Designing IP Broadcast Systems: System Glue

When we think of glue in broadcast infrastructures, we tend to think of the interface equipment that connects different protocols and systems together. However, IP infrastructures add another level of complexity to our concept of glue.

Color converters, HD-to-SD converters, and frame rate synchronizers are just a few of the examples that describe glue products in broadcasting. IP is not only concerned with the video and audio essence conversion and processing, but also the data link and transport layer exchanges that we have historically taken for granted.

IP systems are powerful because the IP packet is data link layer agnostic. That is, an IP packet can traverse many different data link types without the user knowing and without human intervention. However, to be able to take advantage of this, broadcasters must transfer SDI, AES and MADI into IP in the first place.

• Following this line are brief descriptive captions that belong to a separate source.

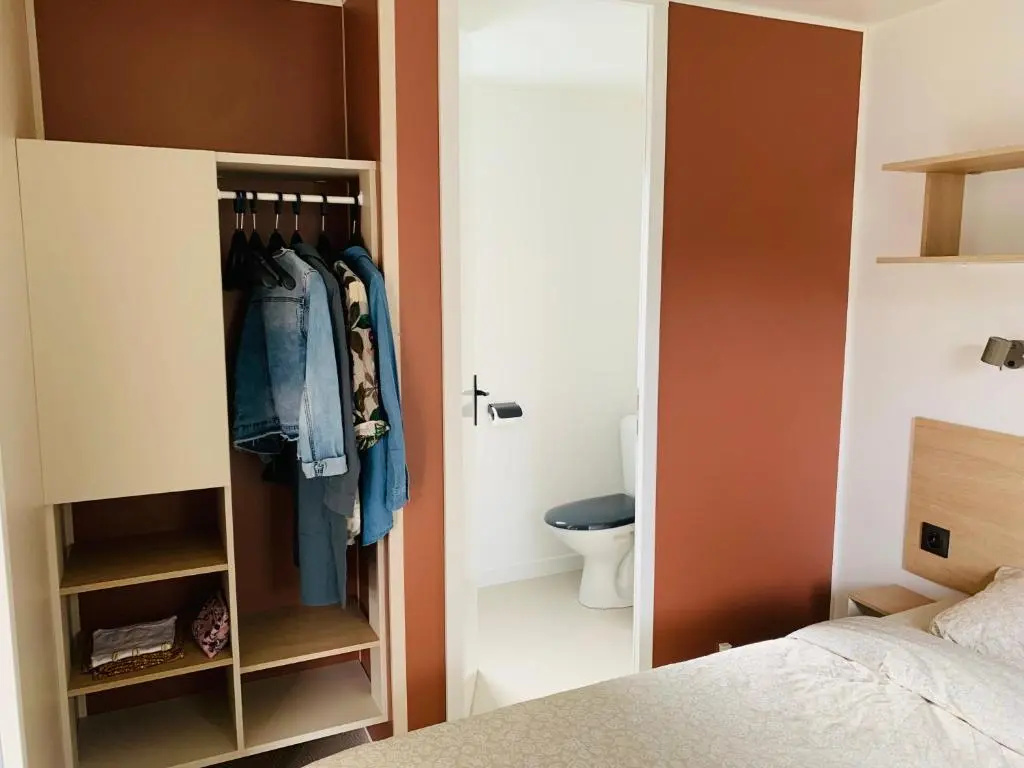 Voir la photo 1 — Mobil Home Camping 5 étoiles Biscarrosse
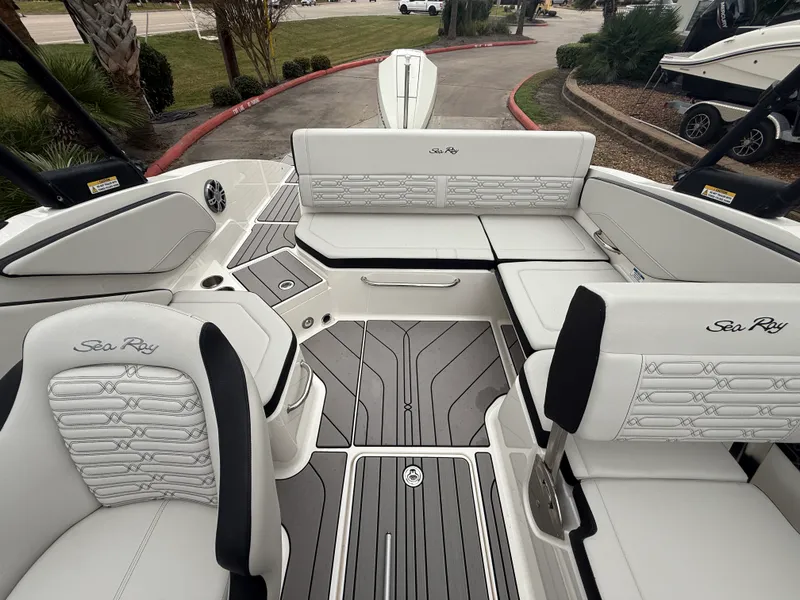 Slide: The Image of Sea Ray 210 SPX Outboard 2024 - 8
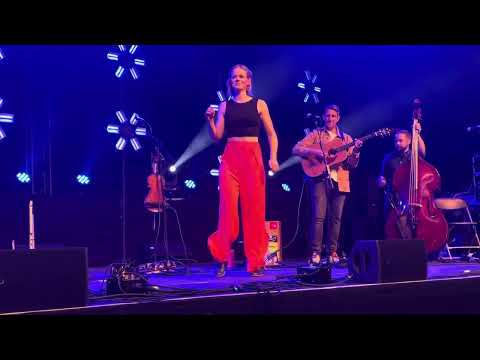 Breabach, Megan Henderson dancing, Shrewsbury Folk Festival, 25/08/2023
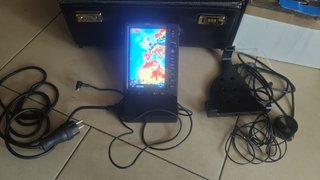 GPS Garmin 695 con soporte y cargador
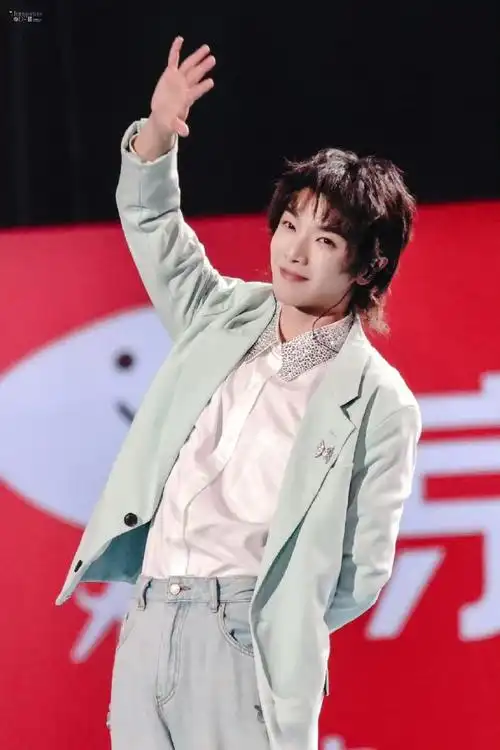 华晨宇超话#华晨宇#hcy花花#华晨宇2024向阳而生##2024华晨宇火星演唱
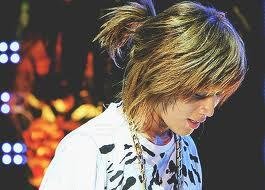hi i am lee taemin but my friends call me taeminshinee is my band name K-pop if u haven't heard of it go on youtube follow me i follow back ✌(im 16)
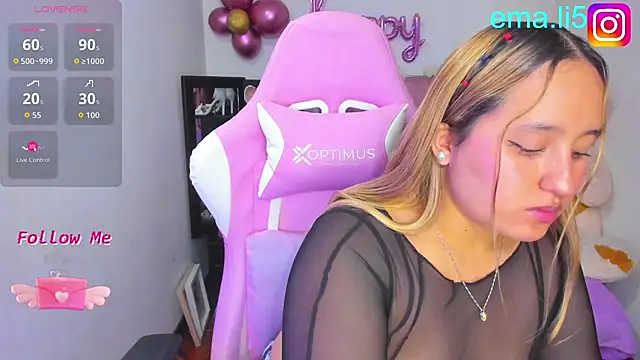 Snapshot of ema_tayy chatting on 01-31-26, 09:02 ema tayy online show from 01-31-26, 09:02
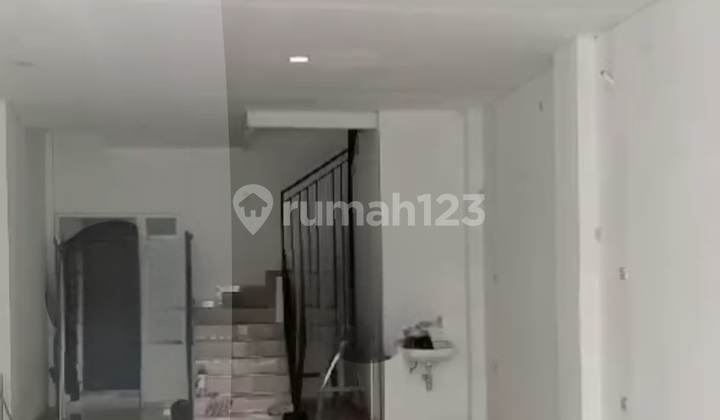Cheap Sale 3-Street Shop Ready to Use Nice in Kelapa Gading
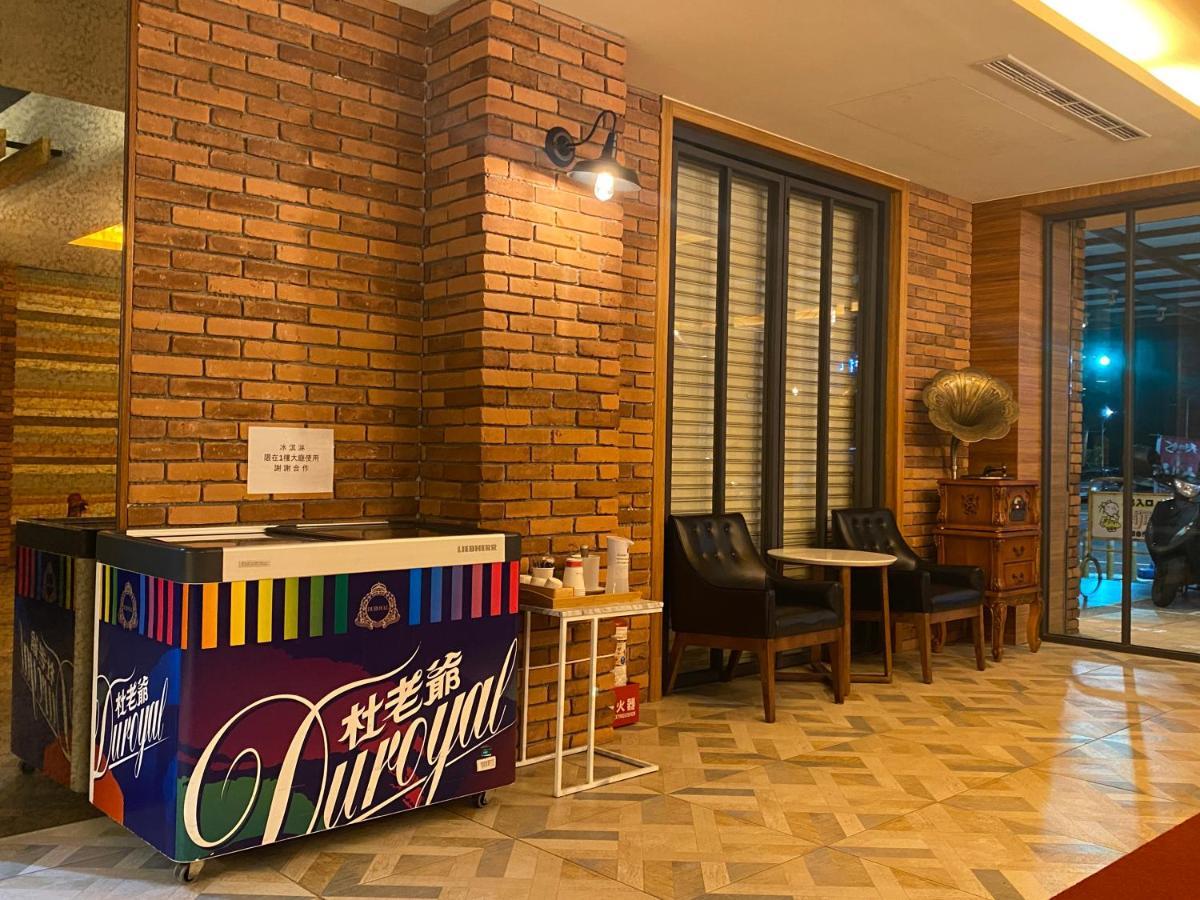 Hua Xiang Hotel -Zouying Kaohsziung Kültér fotó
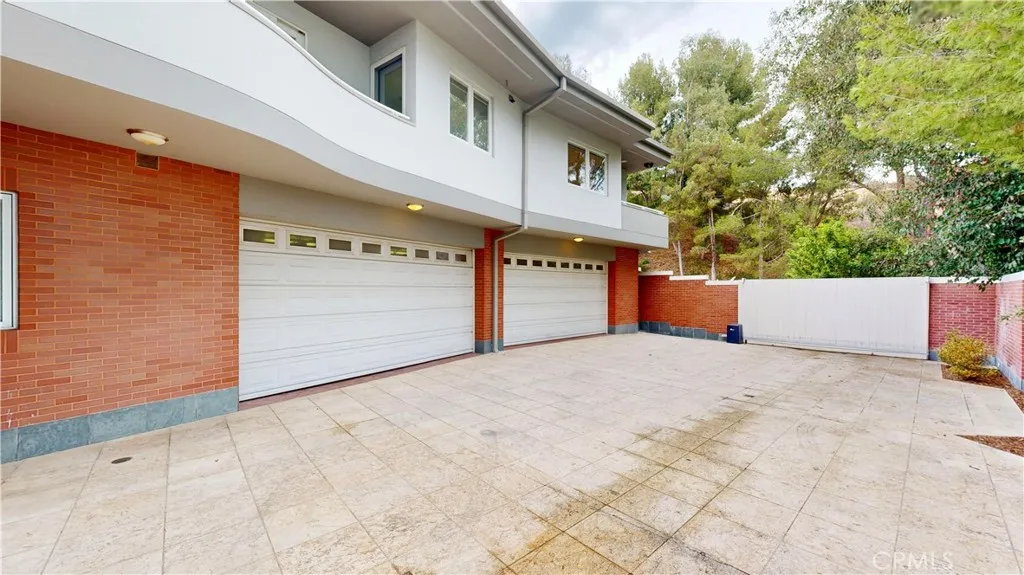 Listing image 55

There is a school of thought that suggests once a media signal has been transferred into IP, then it can stay in that format. In the utopian world there is an element of truth in this as cloud computing can now process video and audio in real-time and deliver it to the viewer over the internet. But even with this in mind, the media essence must be converted into IP in the first place.

Timing Matters

Within the context of a broadcast facility or tier-1 datacenter, IP packets are distributed throughout the network asynchronously. Although ST2110 evenly distributes packets, it still does this asynchronously with respect to all the other video and audio sources in the facility. Therefore, the data link layer can no longer be used as the timing reference plane, unlike SDI, AES and MADI. The sampling clock is built into the SDI, AES and MADI signal data link layer thus keeping the signal synchronous and low latency. As the data samples are guaranteed to arrive in a timely fashion then traditional SDI/AES/MADI infrastructures do not need to be too concerned with latency.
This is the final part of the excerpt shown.